TASK PROMPT: The word "High" may appear in some lines of the data; copy every such line.

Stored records
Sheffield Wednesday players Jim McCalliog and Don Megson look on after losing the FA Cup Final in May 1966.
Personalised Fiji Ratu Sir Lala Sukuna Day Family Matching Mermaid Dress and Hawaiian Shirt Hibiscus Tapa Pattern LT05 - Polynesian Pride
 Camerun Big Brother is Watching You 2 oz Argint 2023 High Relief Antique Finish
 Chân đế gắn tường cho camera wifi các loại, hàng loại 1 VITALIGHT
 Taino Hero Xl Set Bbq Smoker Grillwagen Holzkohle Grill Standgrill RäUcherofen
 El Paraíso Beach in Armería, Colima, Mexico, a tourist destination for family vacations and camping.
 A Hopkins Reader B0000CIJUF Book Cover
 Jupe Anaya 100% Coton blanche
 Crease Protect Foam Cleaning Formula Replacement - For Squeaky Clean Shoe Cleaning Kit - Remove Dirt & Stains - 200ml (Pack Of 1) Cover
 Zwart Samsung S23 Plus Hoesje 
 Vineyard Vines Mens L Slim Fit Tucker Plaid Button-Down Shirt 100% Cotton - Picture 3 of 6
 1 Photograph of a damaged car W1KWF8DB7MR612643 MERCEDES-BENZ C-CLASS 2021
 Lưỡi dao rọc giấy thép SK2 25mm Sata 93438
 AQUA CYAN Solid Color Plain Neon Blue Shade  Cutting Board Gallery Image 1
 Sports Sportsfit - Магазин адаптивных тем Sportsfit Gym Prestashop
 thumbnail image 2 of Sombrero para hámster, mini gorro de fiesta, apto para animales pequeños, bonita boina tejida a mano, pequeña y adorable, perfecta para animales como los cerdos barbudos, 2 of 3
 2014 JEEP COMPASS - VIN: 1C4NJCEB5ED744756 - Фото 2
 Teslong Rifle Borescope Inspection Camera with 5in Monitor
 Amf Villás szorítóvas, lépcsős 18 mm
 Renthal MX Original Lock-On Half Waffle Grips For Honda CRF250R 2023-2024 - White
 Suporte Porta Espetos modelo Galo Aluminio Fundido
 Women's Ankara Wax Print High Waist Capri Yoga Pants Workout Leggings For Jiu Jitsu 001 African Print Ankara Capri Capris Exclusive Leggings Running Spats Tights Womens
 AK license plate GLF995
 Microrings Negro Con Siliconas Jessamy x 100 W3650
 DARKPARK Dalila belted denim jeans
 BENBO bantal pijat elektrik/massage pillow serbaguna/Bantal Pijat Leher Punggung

EXPECTED OUTPUT:
 Camerun Big Brother is Watching You 2 oz Argint 2023 High Relief Antique Finish
 Women's Ankara Wax Print High Waist Capri Yoga Pants Workout Leggings For Jiu Jitsu 001 African Print Ankara Capri Capris Exclusive Leggings Running Spats Tights Womens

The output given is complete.